Nikki Hind is recognised as Australia’s first legally blind fashion designer, though many people still laugh out loud when she tells them that.
“Obviously there’s a real irony in that to people,” she says.
“I’m very, very proud of [being the first], and it also kind of shocks me and disappoints me too.”
The Albury-based Hind says she struggles with the “elitism” attached to fashion, but doesn’t think you need vision to appreciate or design it.
“That beauty and strength and desirability and passion and playfulness — all those things — they definitely originate from the inside.
“It really is precious little to do with the perfect bust size, height, hair, eye colour, number of limbs.
“Once you put your clothes on and you’ve checked yourself out in the mirror, you don’t even really see it for the rest of the day … it’s 98 per cent how it makes you feel.”

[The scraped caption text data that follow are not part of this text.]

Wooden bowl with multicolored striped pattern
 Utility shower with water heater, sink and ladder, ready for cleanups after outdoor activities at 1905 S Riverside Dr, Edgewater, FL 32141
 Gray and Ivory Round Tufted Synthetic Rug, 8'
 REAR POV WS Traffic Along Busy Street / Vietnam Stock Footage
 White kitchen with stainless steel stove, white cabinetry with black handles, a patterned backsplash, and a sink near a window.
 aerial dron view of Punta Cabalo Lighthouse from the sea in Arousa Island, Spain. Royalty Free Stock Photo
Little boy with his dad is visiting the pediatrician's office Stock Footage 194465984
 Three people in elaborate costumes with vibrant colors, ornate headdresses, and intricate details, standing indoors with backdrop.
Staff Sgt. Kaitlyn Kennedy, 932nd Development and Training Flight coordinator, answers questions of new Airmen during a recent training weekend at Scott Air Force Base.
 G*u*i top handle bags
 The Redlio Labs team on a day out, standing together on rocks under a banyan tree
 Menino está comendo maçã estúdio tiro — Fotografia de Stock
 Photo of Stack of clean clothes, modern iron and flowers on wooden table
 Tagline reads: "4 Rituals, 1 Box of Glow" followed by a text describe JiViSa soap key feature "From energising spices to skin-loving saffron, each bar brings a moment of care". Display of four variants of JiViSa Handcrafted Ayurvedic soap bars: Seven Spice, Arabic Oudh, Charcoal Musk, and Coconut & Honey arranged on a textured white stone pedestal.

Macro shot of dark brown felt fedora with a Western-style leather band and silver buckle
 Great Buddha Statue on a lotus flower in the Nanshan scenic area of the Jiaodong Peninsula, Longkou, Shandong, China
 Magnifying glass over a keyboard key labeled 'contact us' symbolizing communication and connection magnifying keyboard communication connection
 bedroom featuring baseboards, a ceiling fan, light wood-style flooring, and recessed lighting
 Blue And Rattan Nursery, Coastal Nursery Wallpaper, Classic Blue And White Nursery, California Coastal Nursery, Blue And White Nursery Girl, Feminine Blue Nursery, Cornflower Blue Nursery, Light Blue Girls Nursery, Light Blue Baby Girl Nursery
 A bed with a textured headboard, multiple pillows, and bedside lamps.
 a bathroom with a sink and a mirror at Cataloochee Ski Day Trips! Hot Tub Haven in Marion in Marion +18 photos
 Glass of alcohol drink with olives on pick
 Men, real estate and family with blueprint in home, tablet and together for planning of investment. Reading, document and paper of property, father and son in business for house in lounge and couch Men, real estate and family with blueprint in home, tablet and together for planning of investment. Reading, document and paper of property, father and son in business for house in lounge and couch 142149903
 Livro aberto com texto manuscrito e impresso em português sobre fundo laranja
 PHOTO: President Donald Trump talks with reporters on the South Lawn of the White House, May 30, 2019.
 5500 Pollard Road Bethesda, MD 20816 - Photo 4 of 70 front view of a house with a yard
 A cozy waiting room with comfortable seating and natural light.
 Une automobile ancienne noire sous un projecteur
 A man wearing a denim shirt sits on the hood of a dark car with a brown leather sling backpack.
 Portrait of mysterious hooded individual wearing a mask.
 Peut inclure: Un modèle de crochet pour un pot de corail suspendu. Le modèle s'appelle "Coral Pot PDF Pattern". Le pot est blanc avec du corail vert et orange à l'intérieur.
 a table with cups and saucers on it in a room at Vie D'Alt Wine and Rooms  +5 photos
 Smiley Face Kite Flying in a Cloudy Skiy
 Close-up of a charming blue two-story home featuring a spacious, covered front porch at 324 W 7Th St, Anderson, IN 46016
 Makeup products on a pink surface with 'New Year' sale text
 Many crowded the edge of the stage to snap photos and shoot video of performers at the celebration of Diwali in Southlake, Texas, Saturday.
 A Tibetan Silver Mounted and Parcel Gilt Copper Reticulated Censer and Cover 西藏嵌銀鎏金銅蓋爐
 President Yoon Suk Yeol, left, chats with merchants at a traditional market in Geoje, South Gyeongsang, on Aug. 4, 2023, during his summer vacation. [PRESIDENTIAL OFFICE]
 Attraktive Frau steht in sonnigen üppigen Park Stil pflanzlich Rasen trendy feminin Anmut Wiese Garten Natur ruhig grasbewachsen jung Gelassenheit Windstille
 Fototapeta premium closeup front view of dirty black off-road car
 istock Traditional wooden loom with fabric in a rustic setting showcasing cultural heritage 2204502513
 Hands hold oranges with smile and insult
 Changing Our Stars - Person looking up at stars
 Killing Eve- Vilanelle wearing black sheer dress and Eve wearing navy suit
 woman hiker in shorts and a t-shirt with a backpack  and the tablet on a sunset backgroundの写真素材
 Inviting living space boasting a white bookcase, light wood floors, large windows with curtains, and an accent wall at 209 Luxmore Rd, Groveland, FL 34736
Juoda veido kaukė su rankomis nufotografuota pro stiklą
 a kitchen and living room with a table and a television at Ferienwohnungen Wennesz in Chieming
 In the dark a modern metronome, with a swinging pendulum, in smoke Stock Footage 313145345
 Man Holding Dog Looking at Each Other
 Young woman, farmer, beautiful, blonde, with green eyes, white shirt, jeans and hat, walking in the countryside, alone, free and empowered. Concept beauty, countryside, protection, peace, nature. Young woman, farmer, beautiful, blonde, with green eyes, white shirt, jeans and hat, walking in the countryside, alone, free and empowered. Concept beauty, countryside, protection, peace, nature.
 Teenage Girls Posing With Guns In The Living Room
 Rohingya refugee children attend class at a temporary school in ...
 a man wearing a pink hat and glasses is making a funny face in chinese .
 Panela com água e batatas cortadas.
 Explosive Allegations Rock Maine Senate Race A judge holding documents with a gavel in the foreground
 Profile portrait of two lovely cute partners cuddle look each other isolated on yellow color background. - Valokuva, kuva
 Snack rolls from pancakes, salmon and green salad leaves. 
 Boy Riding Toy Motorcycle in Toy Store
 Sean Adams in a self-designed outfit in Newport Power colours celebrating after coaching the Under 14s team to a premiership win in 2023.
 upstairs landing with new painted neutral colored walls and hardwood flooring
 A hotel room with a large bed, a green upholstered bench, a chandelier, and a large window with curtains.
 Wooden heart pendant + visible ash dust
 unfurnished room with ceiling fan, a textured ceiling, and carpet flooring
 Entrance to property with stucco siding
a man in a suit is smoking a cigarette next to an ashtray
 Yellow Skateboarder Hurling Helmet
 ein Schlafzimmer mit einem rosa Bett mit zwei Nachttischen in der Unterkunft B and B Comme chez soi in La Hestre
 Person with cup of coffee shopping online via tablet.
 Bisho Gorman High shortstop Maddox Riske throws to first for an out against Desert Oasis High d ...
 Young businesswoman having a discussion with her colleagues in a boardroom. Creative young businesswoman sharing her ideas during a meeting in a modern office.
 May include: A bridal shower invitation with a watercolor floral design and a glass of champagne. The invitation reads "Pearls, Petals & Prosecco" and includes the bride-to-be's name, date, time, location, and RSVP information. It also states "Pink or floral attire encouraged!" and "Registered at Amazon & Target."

Ms Hind says she regards fashion as fundamentally “grown-up dress-ups”, and gets a lot of her inspiration from music videos and fantasy scenes.
She has partial sight in one eye, which to her is sufficient for everything except pattern making.
“I was not born legally blind, and in fact was in my early 30s and I lost my vision — I’m a very visual person so there’s so much stored in my brain.”
Ms Hind has presented her own show at Melbourne Fashion Week, worked for three years as inclusion consultant with Australian Fashion Week, and has her own label.
Blind Grit comprises a team of people with lived experience of disability and trauma, as it was important to Ms Hind to provide opportunities for aspiring photographers, models, stylists and designers.
“I think it’s overlooked and underestimated how following your dream gets waysided when you have a disability very quickly,” she says.
This commitment to ensuring everyone has access to ambition makes her a fitting choice for a new children’s series from Vision Australia featuring various careers.
The first book, about blind surfer Matt Formston, was released in March, and Ms Hind’s instalment comes out in September.
She is working on a new collection to be launched at the same time.
“Being part of a movement that is about trying to give equal access to dreams and aspirations to children with disability is just huge for me,” Ms Hind says.
“The speech wasn’t, ‘I have a five-point plan’, it was, ‘I have a dream’ — it’s so incredibly powerful, and to have that stripped away from you when you are a child because you were born physically different in some way is not OK by me.”
The Big Visions series is the first in braille and text to be available in mainstream Australian bookstores, according to Vision Australia library manager Vildana Praljak.
“[We want to make sure] blindness and low vision is not seen as a hindrance or otherness or something that’s quite difficult or you’re just not sure what to do with it,” she says.
“Nikki’s … story is really overcoming barriers and challenging stereotypes that someone who’s blind actually should not be, or cannot be, looking after their personal presentation and appearance and have an individual style and express themselves through that style.”
Ms Praljak also has low vision and describes herself as fashion “obsessed”, but says it’s not traditionally welcoming for blind people.
“It is something that requires a lot of matching of colours and … understanding a lot of fashion jargon, which to someone who’s born blind may be very overwhelming and almost like something that’s untouchable,” she says.
“Nikki absolutely challenged that space.”